3

I want to model the following:

y(t)=F(x(t-1),x(t-2),...x(t-k))

or lets say a function that its current output is depended on the last k inputs.

1- I know one way is to have a classic Neural Network with k inputs as {x(t-1),x(t-2),...x(t-k)} for each y(t) and train it. Then what's the benefit of using a RNN to solve that problem?

2- Assuming using RNN, should i use only the x(t) (or x(t-1)) and assume the hidden layer(s) can find the relation of y(t) to the past k inputs through having the in its memory (hidden layer)?
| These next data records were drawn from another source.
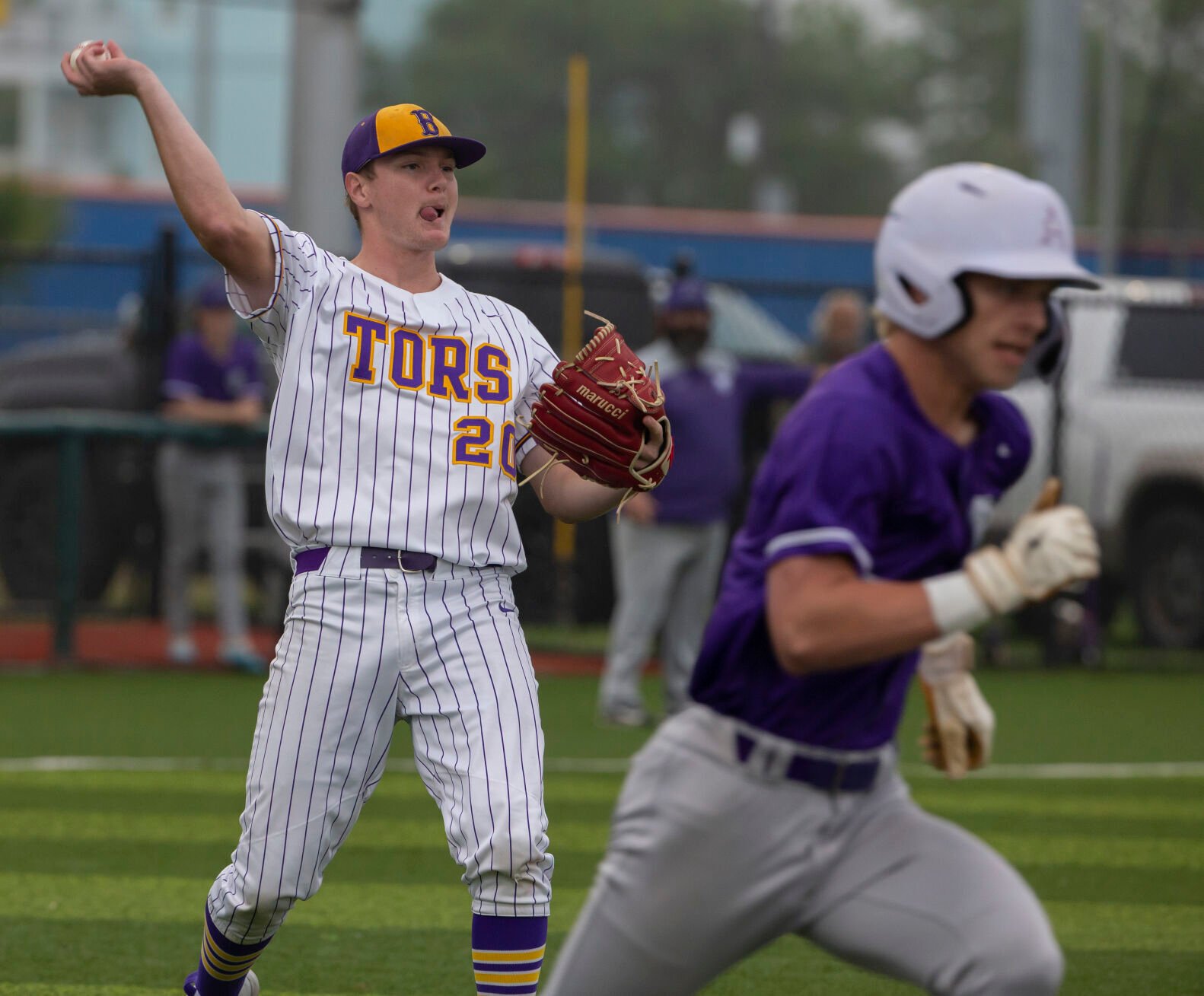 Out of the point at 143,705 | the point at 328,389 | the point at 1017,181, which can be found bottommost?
the point at 143,705

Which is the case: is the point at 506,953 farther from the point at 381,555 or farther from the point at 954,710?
the point at 954,710

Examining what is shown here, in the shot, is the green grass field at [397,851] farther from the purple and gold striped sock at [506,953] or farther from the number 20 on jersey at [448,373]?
the number 20 on jersey at [448,373]

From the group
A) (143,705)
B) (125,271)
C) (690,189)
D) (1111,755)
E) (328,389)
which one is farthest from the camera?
(690,189)

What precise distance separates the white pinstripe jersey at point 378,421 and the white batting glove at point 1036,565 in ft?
4.82

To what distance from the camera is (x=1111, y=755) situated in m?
9.52

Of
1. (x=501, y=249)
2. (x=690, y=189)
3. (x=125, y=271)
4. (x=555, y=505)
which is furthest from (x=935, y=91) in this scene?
(x=555, y=505)

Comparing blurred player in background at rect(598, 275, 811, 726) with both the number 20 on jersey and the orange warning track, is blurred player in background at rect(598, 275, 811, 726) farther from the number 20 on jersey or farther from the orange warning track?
the number 20 on jersey

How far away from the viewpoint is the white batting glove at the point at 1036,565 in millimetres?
2902

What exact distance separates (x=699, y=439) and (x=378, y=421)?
5779 millimetres

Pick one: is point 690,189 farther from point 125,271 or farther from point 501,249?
point 501,249

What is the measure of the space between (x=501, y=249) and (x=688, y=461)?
6922 mm

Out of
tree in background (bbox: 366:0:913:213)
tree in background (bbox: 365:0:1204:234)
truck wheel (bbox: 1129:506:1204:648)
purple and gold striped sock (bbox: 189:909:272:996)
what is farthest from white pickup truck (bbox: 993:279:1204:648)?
tree in background (bbox: 366:0:913:213)

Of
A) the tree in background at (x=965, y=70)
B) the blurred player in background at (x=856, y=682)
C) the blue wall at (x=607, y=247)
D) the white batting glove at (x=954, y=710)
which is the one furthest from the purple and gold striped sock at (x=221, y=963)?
the tree in background at (x=965, y=70)

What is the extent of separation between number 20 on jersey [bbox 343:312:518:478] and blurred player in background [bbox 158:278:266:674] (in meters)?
7.39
3- using deep nets like Deep RNN or LSTM has any superior benefit for such problem considering we want to estimate the output based on the last k inputs?

Bob
  • 137
  • 7

1 Answers1

4
  1. I would not advice you to use a classic vanilla RNN. Theorethicaly it has an ability to store informations from previous inputs in its memory but practically it requires an expotentially large number of nodes.
  2. Assuming classic vanilla implementations as long as modern architectures (like e.g. LSTM or GRU) - it depends on if you want to use one directional or bidirectional model. If you want to predict next step - usually one directional architecture is better. If you want to better analyze sequences given - I advice you to apply bidirectional one.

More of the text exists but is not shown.